__Task data__:
• • • •

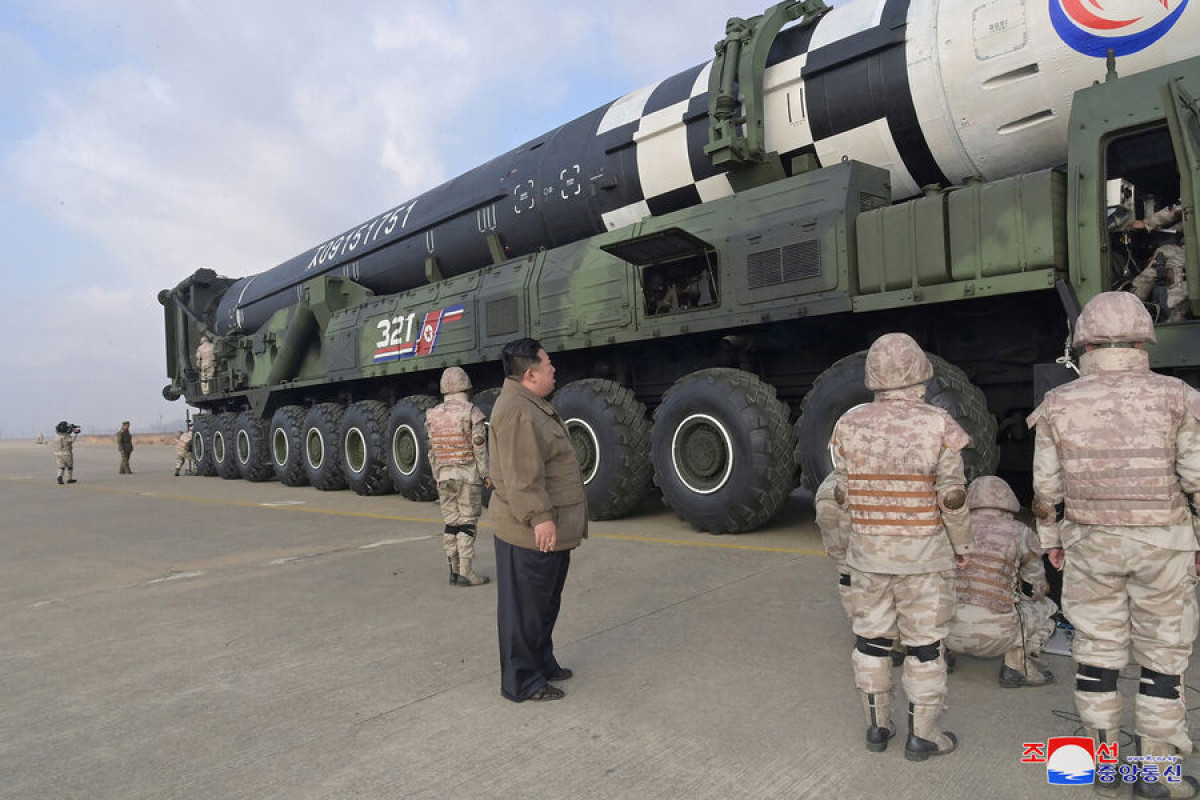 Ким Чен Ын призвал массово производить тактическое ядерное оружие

• • • •

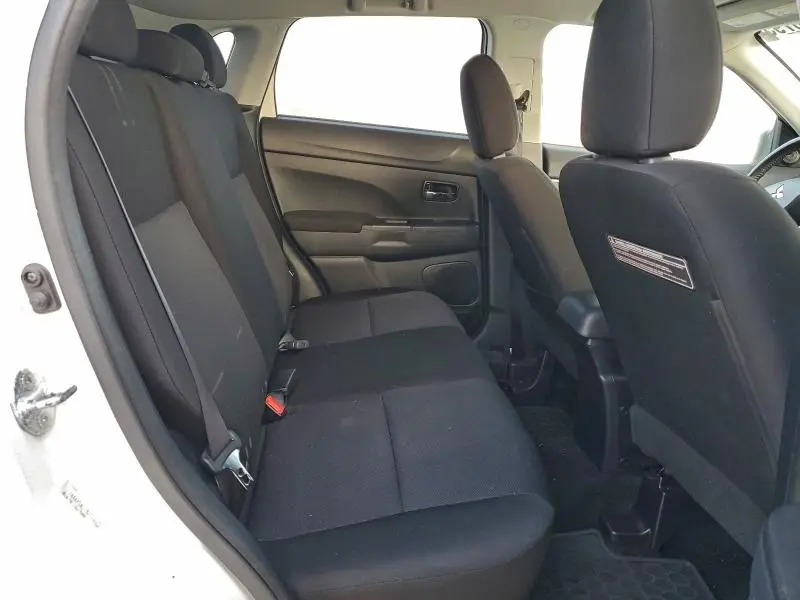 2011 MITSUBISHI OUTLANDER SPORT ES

• • • •

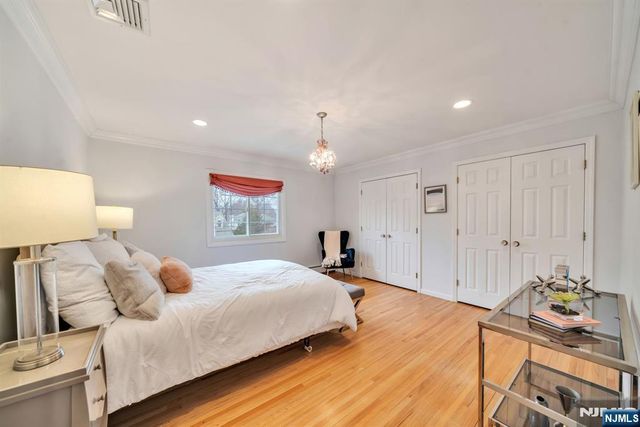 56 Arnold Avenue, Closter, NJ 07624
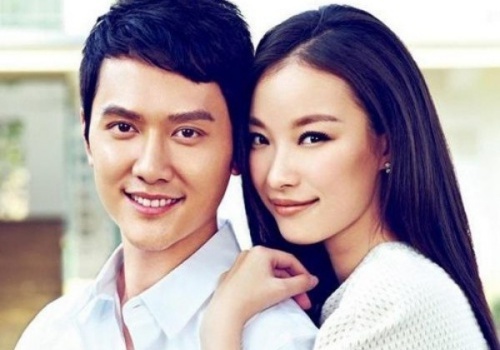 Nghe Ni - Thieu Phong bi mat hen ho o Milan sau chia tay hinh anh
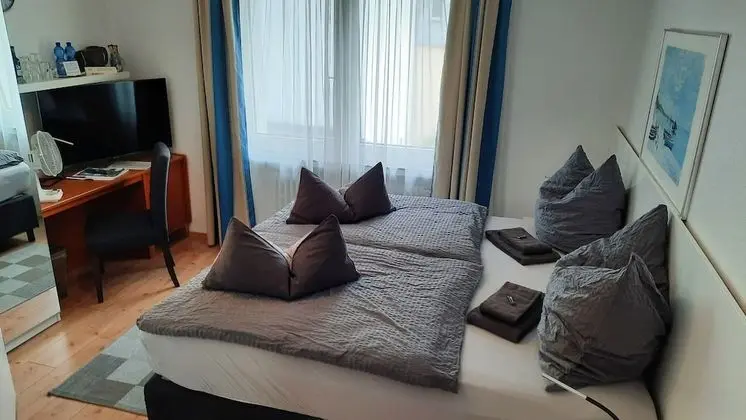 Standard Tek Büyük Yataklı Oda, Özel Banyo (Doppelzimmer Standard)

• • • •

__Description of the task__: Taking the entries above, copy word for word the lines from the one with "Nghe Ni - Thieu" up to and including the one with "Standard Tek Büyük", without any picture.

__The completed task__:
 Nghe Ni - Thieu Phong bi mat hen ho o Milan sau chia tay hinh anh
 Standard Tek Büyük Yataklı Oda, Özel Banyo (Doppelzimmer Standard)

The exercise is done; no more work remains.